Cormenin fait là allusion à la pratique courante sous l’Empire de régler par décret des matières qui, en raison de
leur nature, auraient dû faire l’objet de lois. Rédaction et présentation des projets de lois devant le corps législatif
Le rôle législatif du Conseil est défini par l’article 52 de la Constitution de l’an VIII. Les conseillers d’État
préparent les lois importantes mais aussi les règlements proposés par Bonaparte. Une importante minorité au
Tribunat, se défiant de Bonaparte à partir de l’an IX, n’hésitera pas à parler des " projets de lois du Conseil
d’État. "Sous le Consulat et l’Empire, le gouvernement a l’initiative exclusive de la loi, que ni le Tribunat, ni le
Corps législatif ne peut amender. Le Conseil d’État est non seulement chargé de l’aspect technique de la
rédaction des projets de lois, mais est aussi consulté sur leur contenu politique et social. L’activité législative du
Conseil ne comprend pas seulement la préparation des cinq codes et des grandes lois sur l’organisation
administrative, financière ou judiciaire, mais concerne aussi l’élaboration de certains sénatus-consultes, de
nombreuses lois d’intérêt local, de règlements, de décrets, d’arrêtés, etc. La seule matière que le Conseil d’État
n’eut pas à connaître fut celle des traités. Dans le domaine législatif, certains conseillers (3 au maximum) choisis
par le gouvernement sont chargés d’une tâche complémentaire : présenter puis soutenir devant le Corps législatif
chaque projet de loi du gouvernement (art. 53 de la Constitution). Le Tribunat, saisi, en discute, et émet un vœu
favorable ou non. Quelques jours après, les législateurs, sans discussion, entendent conseillers d’État et tribuns
puis votent l’adoption ou le rejet du projet proposé. Les positions souvent contraires entre conseillers et tribuns
lors de ces présentations nourrissent entre eux un certain antagonisme.
Rédaction des Codes
Le rôle législatif le plus visible du Conseil d’État sous le Consulat et l’Empire fut sans doute la préparation, en
un temps remarquablement court, des cinq grands codes napoléoniens : Code civil (1804), Code pénal (1810),
Code de procédure civile (1806), Code d’instruction criminelle (1808), Code de commerce (1807). Le
mouvement de codification de l’époque impériale avait pour ambition d’intégrer dans un ensemble unitaire un
corpus de règles anciennes et un apport de règles inédites exprimant les principes d’organisation d’une société
nouvelle. Cette entreprise juridique de grande ampleur était rendue possible par la conjonction de circonstances
exceptionnelles : la rupture sociale provoquée par la Révolution, la forte volonté politique de Napoléon et une
hauteur de vue suffisante pour susciter l’accord général. Le Code Civil fut la réalisation la plus remarquable de
l’entreprise de codification du Premier Empire : déjà étudié par Cambacérès pendant la Convention, le projet fut
relancé par Bonaparte le 24 thermidor an VIII (12 août 1800). Il établissait une commission de quatre membres
composée de deux conseillers d’État (Portalis et Bigot de Préameneu) et de deux juristes (Tronchet et Maleville)
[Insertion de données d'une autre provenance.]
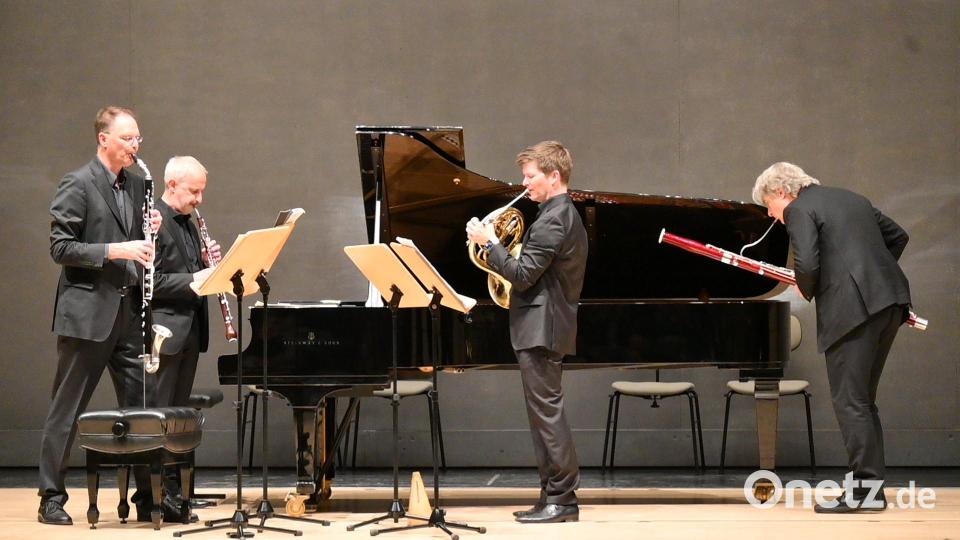 Ohne Pianistin, aber trotzdem zum Klingen gebracht wurde der Steinway-Flügel in Nicolaus Richter de Vroes Auftragskomposition &quot;Gefährten der Echo&quot; für Bläserquintett. Bild: kki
chargés de rédiger une proposition de Code. Cet avant-projet fut rendu en quatre mois puis soumis à l’examen du
tribunal de Cassation et des tribunaux d’appel. Conformément à la Constitution, l’avant-projet et les propositions
des tribunaux furent soumis au Conseil d’État, d’abord à la section de Législation puis en assemblée générale
dont Napoléon présida en personne 57 séances sur les 102 nécessaires à l’achèvement du travail. Le "Code Civil
des Français" fut publié le 21 mars 1804.La rédaction des autres codes a également été préparée par la section de
législation du Conseil d’État : l’Empereur participa peu aux discussions.